• Saved data entries
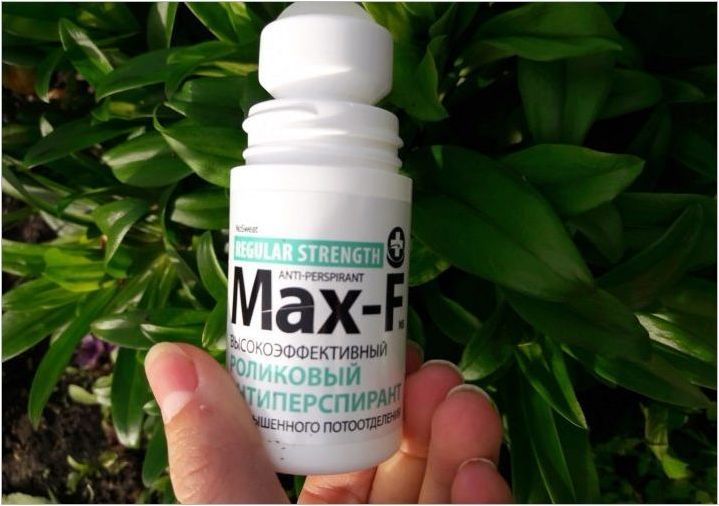 Max-F AntipersParant Review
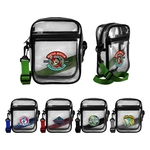 Clear Crossbody Sling Bag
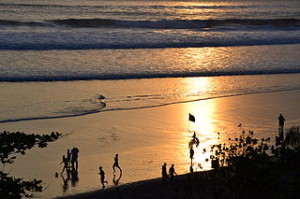 Bali_sunset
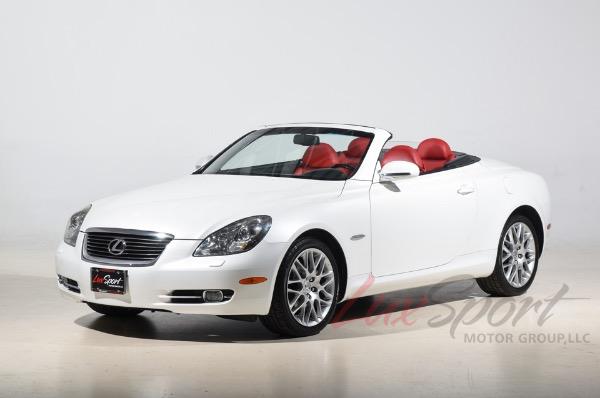 Used 2007 Lexus SC 430 Pebble Beach Edition  | Woodbury, NY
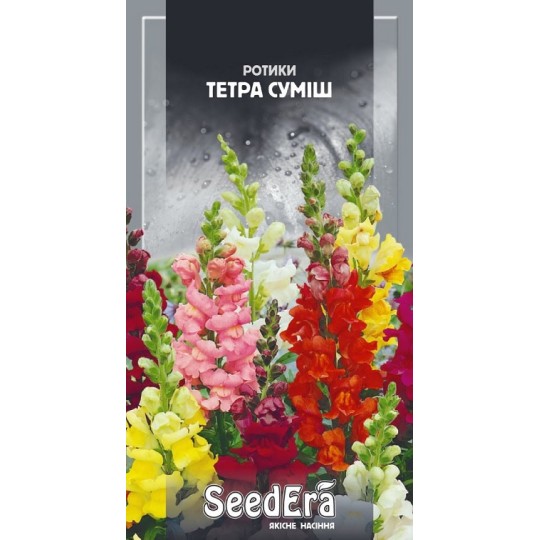 Насіння Ротики Тетра суміш Seedera 0.2 г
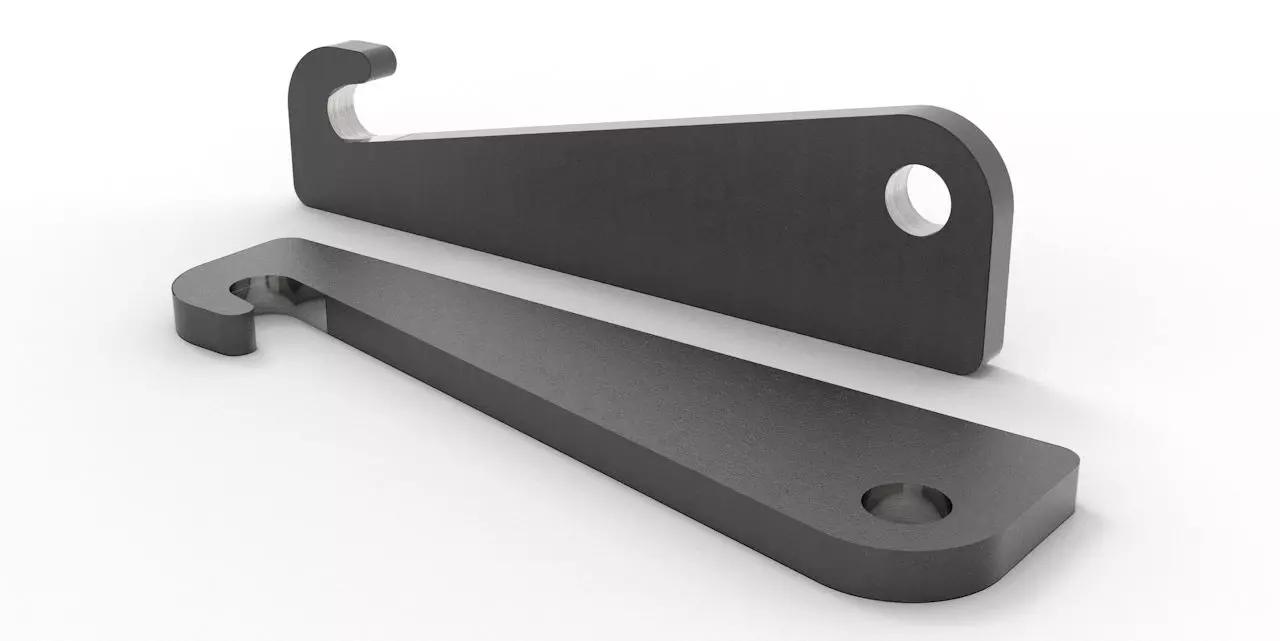 Koppelhaken Weidemann Kramer 40x40x435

• What you need to do
Copy the data exactly. Any picture it contains is to be omitted.

• Answer for the task
 Max-F AntipersParant Review
 Clear Crossbody Sling Bag
 Bali_sunset
 Used 2007 Lexus SC 430 Pebble Beach Edition  | Woodbury, NY
 Насіння Ротики Тетра суміш Seedera 0.2 г
 Koppelhaken Weidemann Kramer 40x40x435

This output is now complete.